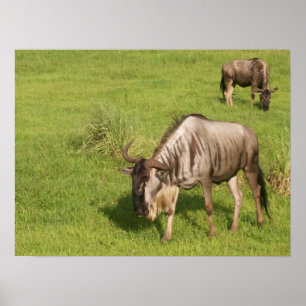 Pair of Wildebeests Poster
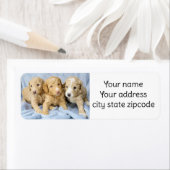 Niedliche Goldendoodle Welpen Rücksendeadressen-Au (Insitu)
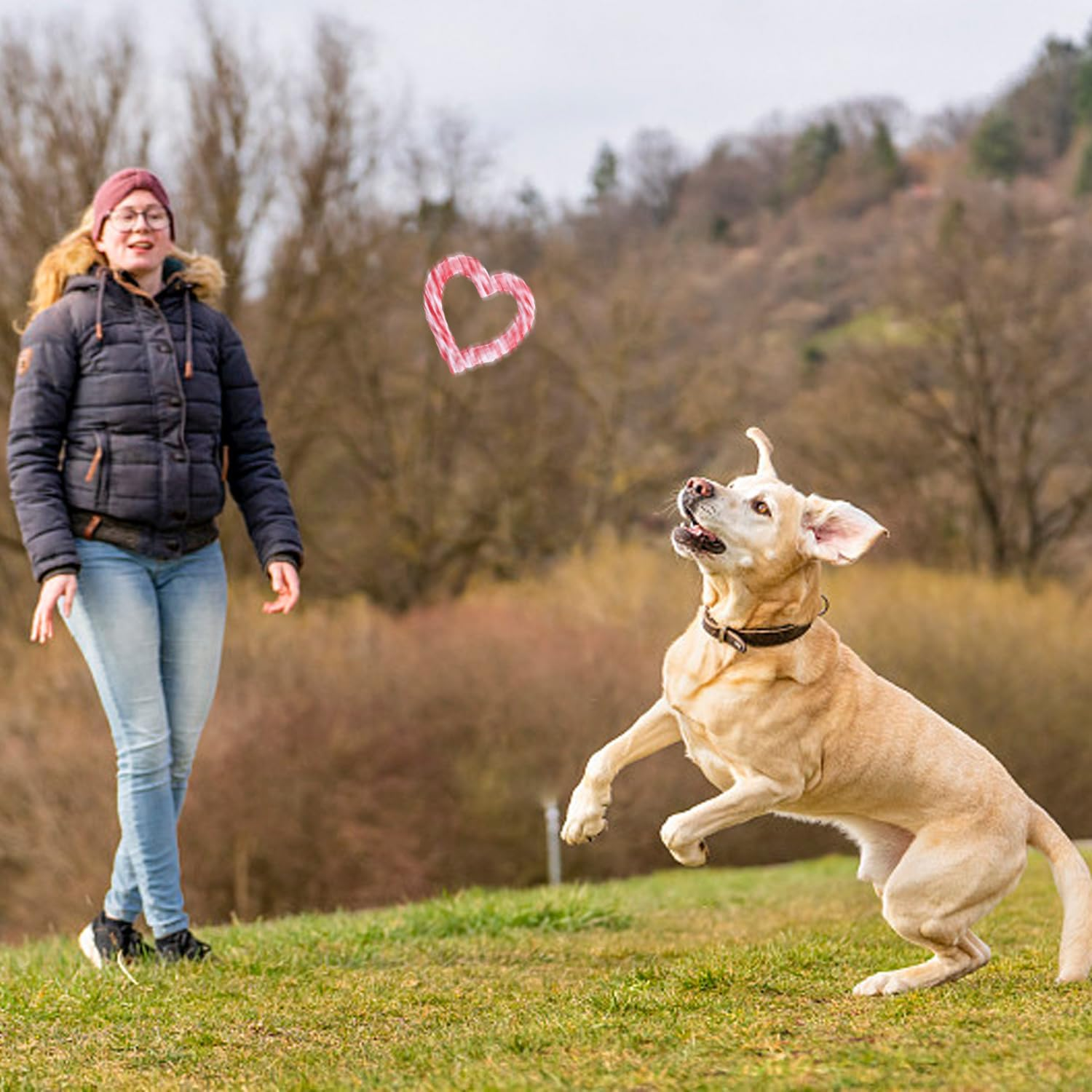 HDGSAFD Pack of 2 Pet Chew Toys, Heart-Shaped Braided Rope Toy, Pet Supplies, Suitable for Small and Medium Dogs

+++

• **The task**
What is needed is an exact repetition of every line from the line with "Niedliche Goldendoodle Welpen" to the end of the data above, both ends included, with no pictures.

• **Answer**
 Niedliche Goldendoodle Welpen Rücksendeadressen-Au (Insitu)
 HDGSAFD Pack of 2 Pet Chew Toys, Heart-Shaped Braided Rope Toy, Pet Supplies, Suitable for Small and Medium Dogs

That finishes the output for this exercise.